Quoting page 87 of Mac Lane and Moerdijk,
The left adjoint functor $$\Gamma\Lambda:{\rm Sets}^{\mathcal{O}(X)^{{\rm op}}} \to{\rm Sh}(X)$$ is known as the associated sheaf functor, or the sheafification functor.
The Question:
Just what is the functor $\Lambda$ from $\S II.5$?
Further Context:
I need to understand $\Lambda$ in order to complete Exercise II.6.
I'm reading the book recreationally.
Check my recent questions here to get a rough idea of my abilities.
This is not a question I think I can answer myself.

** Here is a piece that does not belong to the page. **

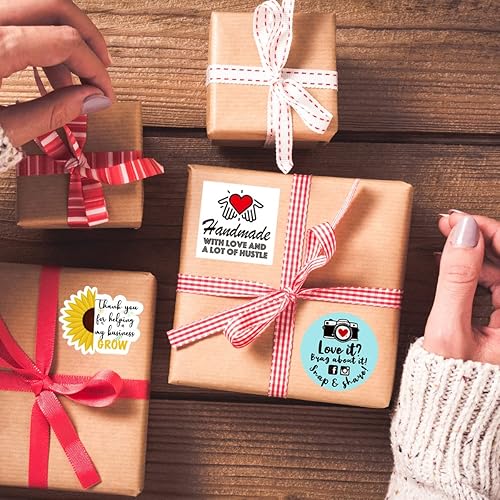 Miniatura 7 de Hecho a mano con calcomanías de amor, calcomanías de agradecimiento, calcomanías hechas a mano, calcomanías para pequeñas tiendas, calcomanías de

The kind of answer I'm looking for is, roughly speaking, a detailed description of $\Lambda$ with an eye to the solution of Exercise II.6.
Please help 🙂
Best Answer
According to §5, $\Lambda$ is the functor taking a presheaf $P$ on $X$ and returning the corresponding étale space $\Lambda_P$, which is a topological space with a natural map $p:\Lambda_P\to X$, which is a local homeomorphism.
Explicitly, as a set $\Lambda_P$ is the disjoint union $\coprod_{x\in X}P_x$ of the germs $P_x$ at each point $x\in X$, and the map $p$ just sends all elements in $P_x$ to $x$. As a topological space, well you should read the corresponding section of §5, it is explained rather well I think, but basically it is the topology such that the continuous sections $s:U\to \Lambda_P$ of $p$ are exactly the sections of the sheafification of $P$.
Now you say you have "little experience" with germs, but I don't know how you are expecting to solve exercises from a book on sheaves without diving into those notions.